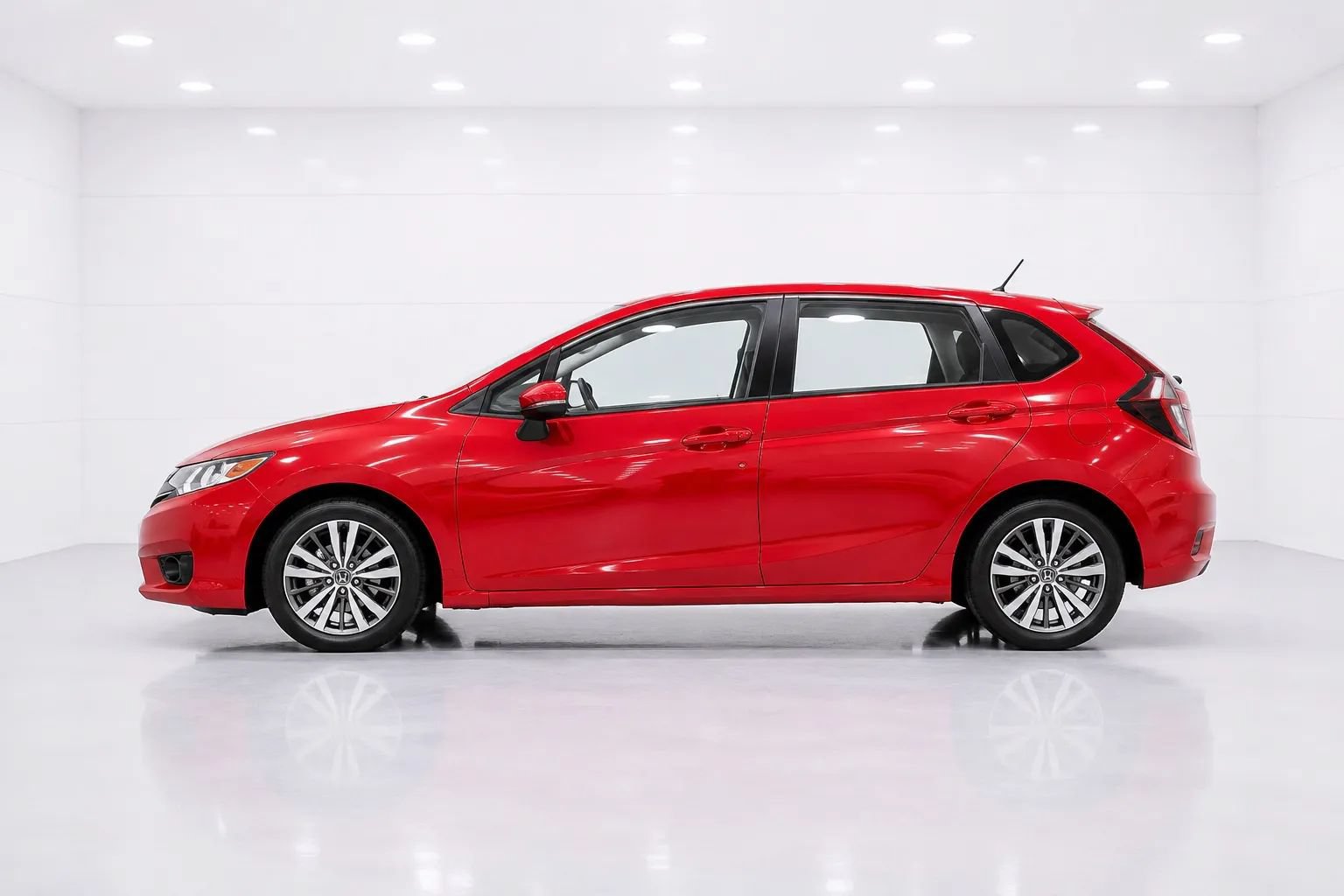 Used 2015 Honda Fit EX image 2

...

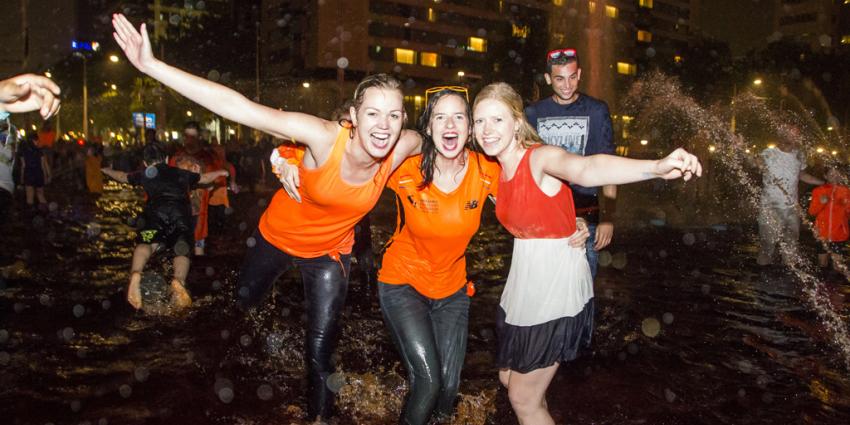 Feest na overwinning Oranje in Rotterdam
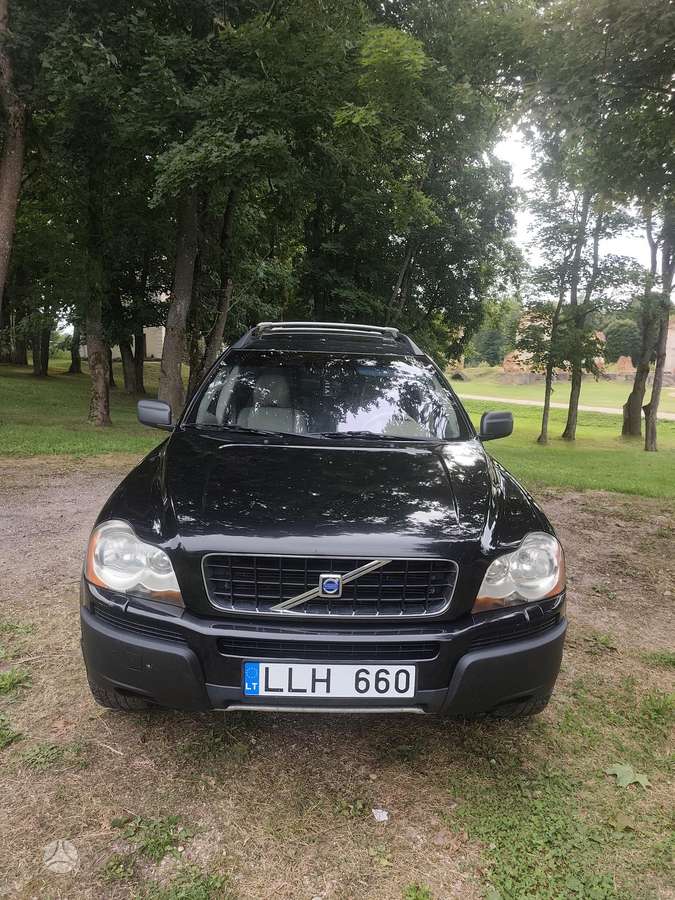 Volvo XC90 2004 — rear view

Exercise description> Reproduce the lines above starting at the one with "Feest na overwinning Oranje in Rotterdam" and ending at the one with "Volvo XC90 2004 — rear view", both included, exactly and with no pictures.

Reply to the task>
 Feest na overwinning Oranje in Rotterdam
 Volvo XC90 2004 — rear view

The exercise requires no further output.